Point/Counterpoint: Justice appointment

Republicans hold right to wait for new president to fill position vacancy

After hearing the news of the passing of U.S. Supreme Court Justice Antonin Scalia, I was first filled with shock and sadness that someone so influential had passed.

Quickly after, I became concerned for the future of the Supreme Court and with whom would be appointed as the next Supreme Court judge, along with the impact that would be made if a liberal successor were appointed in his place.

While the media and political figures could have been more respectful to give more time to the news of his passing, many on both sides of the Democrat and Republican parties quickly debated about whether President Barack Obama should nominate a successor. Rightfully so — the nation should be concerned about who will be nominated next and if the 44th president will be the one to nominate the successor, or if it will be the 45th president.

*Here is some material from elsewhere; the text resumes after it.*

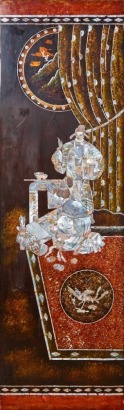 An Asian Picture With Mother of Pearl Inlay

If Obama appoints the next Supreme Court justice, it will surely be another liberal-leaning judge (just as the last two he previously appointed) and the balance of the Supreme Court will be off. While it is a gamble for Republicans, if the next president is Republican, there is a good chance the next Supreme Court justice will be also and have a traditionalist view of the law like Scalia, and the balance will hopefully be restored.

The debate and discussion is important. Republicans need to fight hard to ensure the next president has the chance to nominate someone. With many important cases before the Supreme Court, including cases about abortion, affirmative action and voting rights, there needs to be an even balance so one side does not have too much of a sway. If the tables were turned, I would make the same argument. Despite the political party of the president, there needs to be a balance of power in the court.

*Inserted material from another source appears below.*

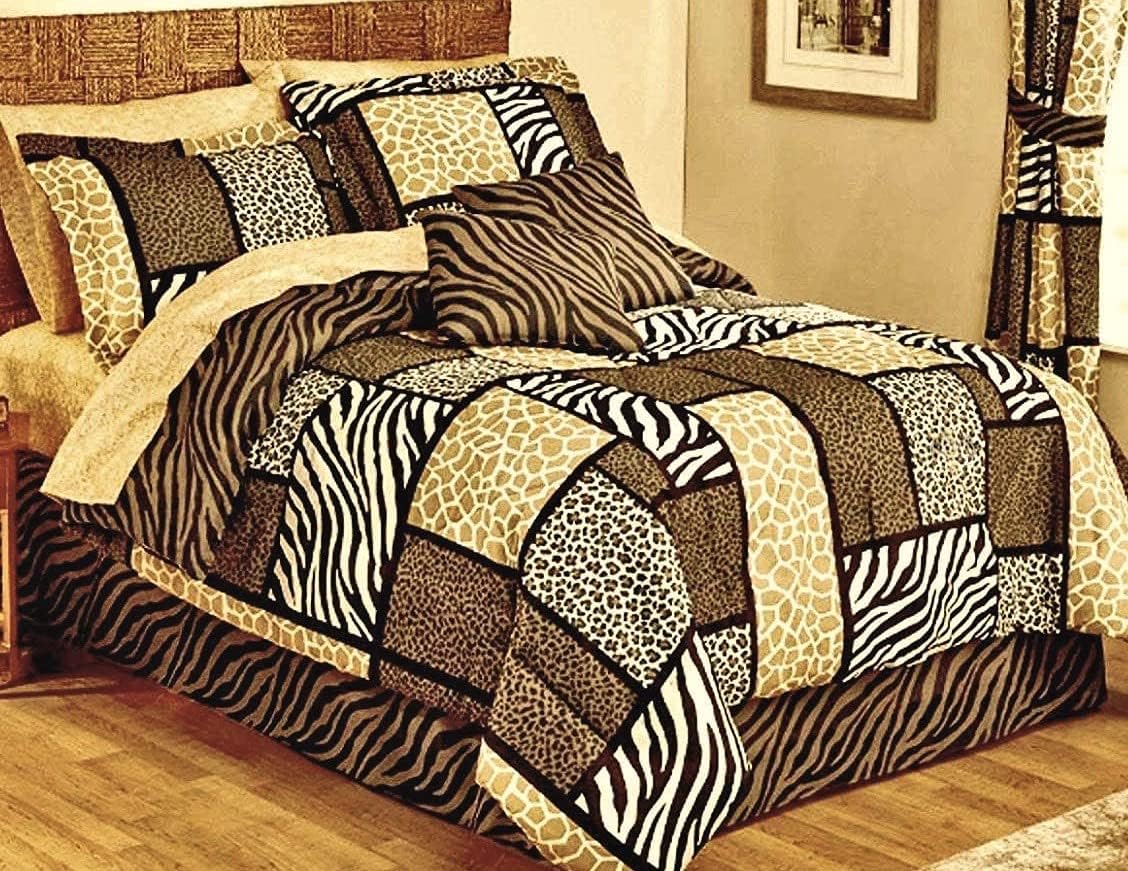 MMB Safari Zanzibar Patchwork Animal Print Reversible Comforter Set + Two TOSS Pillows! Zebra Stripe Giraffe Leopard Black Brown Tan Queen Size (86'' x 86'')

If the Senate does not approve someone the president nominates, Obama will have to start from square one and the long process will continue until the end of his term.

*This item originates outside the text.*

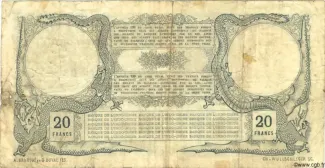 French Settlements of Oceania 20 Francs, 1914 reverse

The 11 Republican members of the Senate Judiciary Committee signed a letter to Senate Majority Leader Mitch McConnell, saying they will not hold a hearing on anyone President Obama nominates for the position. While I may not agree with the Republican Senate’s threat, if no one nominated by Obama is confirmed by the time he leaves office, the next president would get to pick the nominee. Because of this, Obama needs to focus on other topics to make a positive difference during the time he has left in office.

While there may never be anyone like Scalia, the Supreme Court does not need another liberal on the court or someone who believes in a postmodern view. This is a huge issue that should be debated so that the traditional interpretation of the law is not lost.